You know, if a tank motors for 100 kilometers into the enemy rear and shoots up all their supply dumps and airfields and command posts, they could just collapse.
You know, it's the beginnings of what we might call Blitzkrieg.
And the Germans, late on in the late 30s, they finally get it.
And then they start investing big time as well.
But the British are sort of hobbling on with a trial armoured brigade.
Fighting over resources, you know, these kind of rather bitter battles between cavalry generals who are still insisting that the horse is the queen of the battlefield and the tankies, you know, oily rags, so-called, who are saying, no, no, no, this is the machine age.
And the person who dominates the landscape with mobility, highly mobile tracked vehicles can achieve untold victories for far less cost than the terrible slaughter we've just witnessed in the First World War.
I mean, a lot of people, when they look at tanks and the way they're designed and the principles behind them, they talk about this kind of eternal triangle, which is firepower, protection, mobility.
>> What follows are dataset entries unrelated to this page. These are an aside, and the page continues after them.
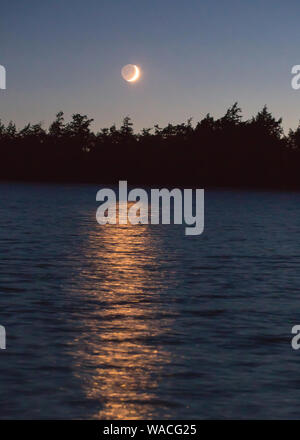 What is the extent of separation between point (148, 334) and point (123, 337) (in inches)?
25.5

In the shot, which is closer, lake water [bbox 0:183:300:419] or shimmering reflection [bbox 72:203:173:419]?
lake water [bbox 0:183:300:419]

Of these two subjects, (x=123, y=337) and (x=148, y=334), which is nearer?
(x=123, y=337)

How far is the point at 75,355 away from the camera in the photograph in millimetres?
15773

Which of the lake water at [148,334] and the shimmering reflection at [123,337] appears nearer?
the lake water at [148,334]

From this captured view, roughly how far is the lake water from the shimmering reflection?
3 cm

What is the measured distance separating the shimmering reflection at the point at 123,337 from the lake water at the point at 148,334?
31mm

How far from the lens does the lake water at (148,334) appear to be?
13.0 meters

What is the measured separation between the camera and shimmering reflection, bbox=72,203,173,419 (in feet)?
43.1

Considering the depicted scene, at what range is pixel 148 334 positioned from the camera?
17844mm

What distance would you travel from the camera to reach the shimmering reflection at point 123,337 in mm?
13148

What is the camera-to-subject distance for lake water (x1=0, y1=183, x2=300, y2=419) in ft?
42.7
So you make adjustments around these design compromises.
If you make it better protected by hanging more armour on it, maybe the mobility suffers.
If you make it faster and maybe the gun has to become lighter.
This constant compromise in engineering terms.
Now, some people argue...
that a fourth element came into the picture with communications, that once you had reliable radio communications between tanks, you could employ them in a radically different way.